What you should do: Line for line, return the data exactly, omitting all pictures.

======== Data to process ========

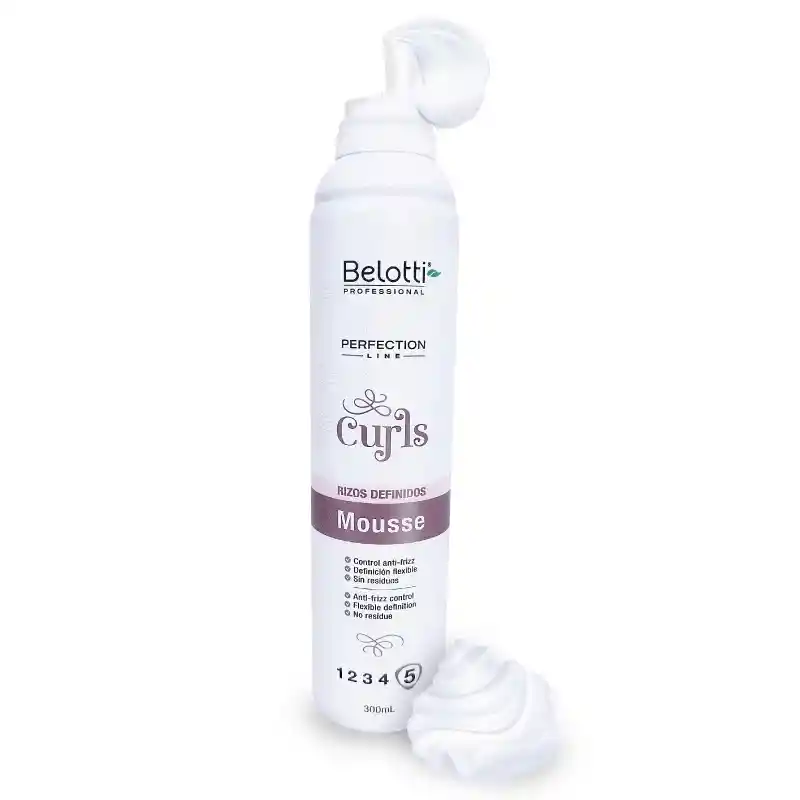 Curls Mousse Rizos Definidos Belotti
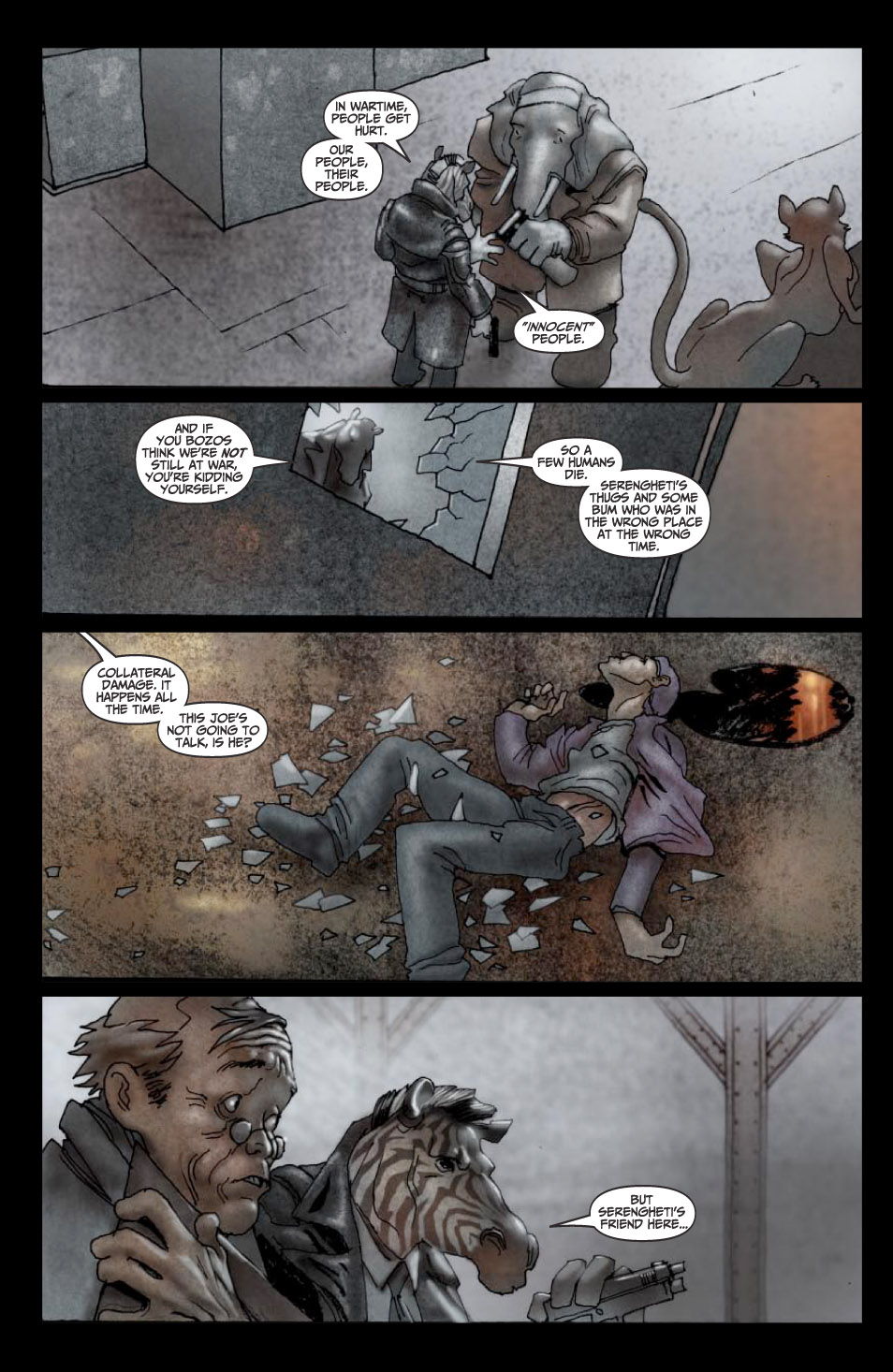 Read online Elephantmen comic -  Issue #8 - 16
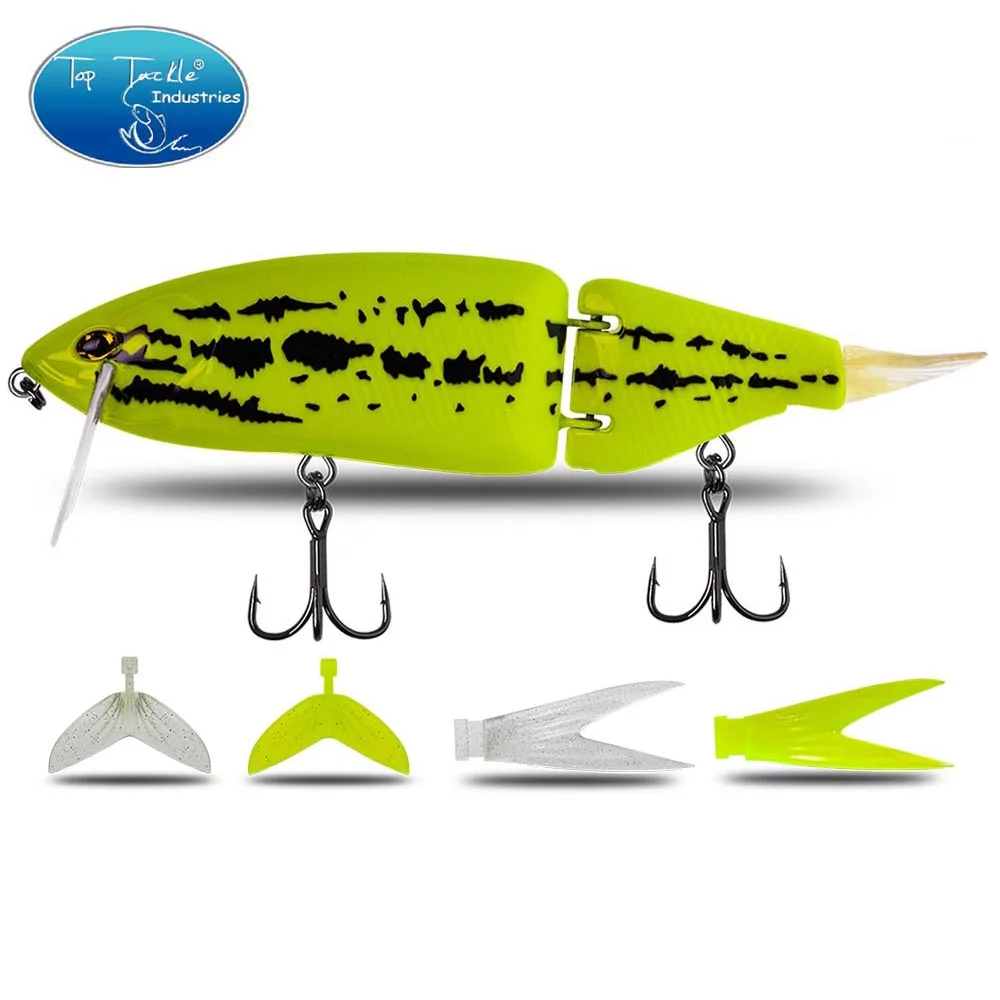 Goture Lot De 3 Leurres De Pêche Pour Bar, Truite, 8 Appâts De Natation Segmentés Multi-articulés Pour La Pêche Au Bar, Leurres De Pêche Au Brochet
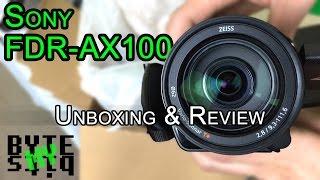 Sony FDR-AX100 4k Camcorder - Unboxing and Review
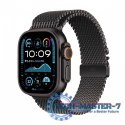 Watch Ultra 2 GPS + Cellular, koperta 49 mm z tytanu w kolorze czarnym z bransoletą mediolańską M z tytanu w kolorze czarnym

========

Response:
 Curls Mousse Rizos Definidos Belotti
 Read online Elephantmen comic -  Issue #8 - 16
 Goture Lot De 3 Leurres De Pêche Pour Bar, Truite, 8 Appâts De Natation Segmentés Multi-articulés Pour La Pêche Au Bar, Leurres De Pêche Au Brochet
 Sony FDR-AX100 4k Camcorder - Unboxing and Review
 Watch Ultra 2 GPS + Cellular, koperta 49 mm z tytanu w kolorze czarnym z bransoletą mediolańską M z tytanu w kolorze czarnym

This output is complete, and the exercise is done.